Después de la lubina llega a la mesa el pichón. Paco es un especialista en pichón; siempre hay uno en su menú y cada vez es diferente a la anterior. Esta vez, el tratamiento de la pechuga es el habitual, piel crujiente y carne aparentemente cruda, sin dejar huella de sangre sobre el plato, condimentada hoy con trufa de verano rallada. Junto al corte de carne aparece un canelón de cacao que envuelve los interiores del ave; una pieza maestra que propone el sabor de un salmís. También hay un poco de caviar, pero es víctima de los protagonistas del plato; solo queda el regusto salino.

Son dos platos de un menú largo en el que Paco Morales se muestra como lo que siempre ha sido, un cocinero técnico, obsesionado con el detalle, en cuya cocina no cabe la simplicidad. Lo muestra en la cuajada de almendras con bonito curado (los tres pescados de este menú llegan curados en sal), con el contrapunto de una pasta de cacao oculto bajo la cuajada, en realidad un ajoblanco denso y ligado. Hay almendras frescas junto a cuatro dados de bonito, para acabar de componer un plato estimulante y lleno de matices.
Encuentro momentos brillantes en el menú de este año. El juego de contrastes -otra vez salados y ácidos- de los tomates cherry, envueltos en un imperceptible velo de anchoa, con rape, pulpa de tamarindo y un suave escabeche de mandarina, o la estimulante tosta de chile cascabel con gambas blancas crudas maceradas en vinagre de algarroba. El sedoso de bacalao con yema de huevo curada, con bolitas de nabo y tronchos de lechuga braseados mantiene el ritmo de una cocina siempre compleja que casi nunca subvierte la naturaleza del producto.

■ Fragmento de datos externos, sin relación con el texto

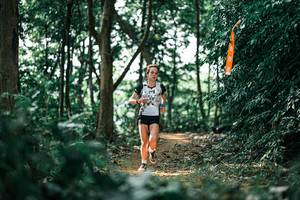 BIB: 
                            <button type="button" onclick="openModal(26049330)" class="btn btn-primary btn-sm float-right btn-popup" data-toggle="modal" data-target=".modal-high-quality">
                        <i class="fas fa-shopping-cart"></i> Add to Cart
                    </button>
                                            <button type="button" onclick="isThisMe(26049330, true)" class="btn btn-success btn-sm float-right btn-popup btn-isme hidden" data-toggle="tooltip" data-placement="bottom" title="นี่คือรูปของคุณใช่ไหม คลิกที่นี่เพื่อเอาเข้าอัลบั้ม">
                        <i class="fas fa-plus"></i> Add to album
                    </button>
                    <button type="button" onclick="isThisMe(26049330, false)" class="btn btn-warning btn-sm float-right btn-popup btn-isnotme hidden">
                        <i class="fas fa-ban"></i> Remove from album
                    </button>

Hay platos que llevan el asunto a terrenos fronterizos, como la endibia (antubiya) a la moruna, un juego de amargos matizados por una lámina de tocino ibérico, la gama de contrastes que proporciona la menestra -cebollitas, trigueros, zanahoria, colmenilla- con mole negro, o el complejo cruce de caminos, texturas y sabores que proporciona el primer postre del menú, un helado de limón ceutí con bizcocho de hierbabuena, nieve de cilantro y pimienta negra.

Noor no ha cambiado en estos seis años. Todo parece igual, más allá del diseño de vajilla, cubiertos y adornos. El mismo lavamanos a la entrada, idéntica ceremonia, el mismo espacio, los mismos decorados y un equipo sobrio y profesional, en el que ya se ve alguna cara conocida tanto en la sala como en la cocina. La puesta en escena ha ganado en naturalidad; entendieron que no están allí para representar sino para contar y guiar. También sigue viva la sorpresa de un espacio consagrado a la alta cocina en un barrio popular, Cañero, llamado el de las casitas bajas. Curiosa historia, Chisco, el otro comedor que hace brillar la alta cocina en Córdoba también es un restaurante de barrio, esta vez de la Fuensanta.
Hay mucho más en este menú largo y al mismo tiempo llevadero. Desde el brillo del Karim (una suerte de humus) de pistachos con huevas de arenque ahumadas y manzana verde, completado con el toque picante de unos dados de pan negro que salpican el plato; dulces, salados, ácidos, ligeras notas amargas y el calor del picante para un plato que seduce. El final de la comida es un ejercicio concretado alrededor de la algarroba -helado y bizcocho- marca la frontera entre el tiempo de la exaltación de la algarroba y la nueva era marcada por la llegada del cacao, del que aquella acabaría convertida en sucedáneo.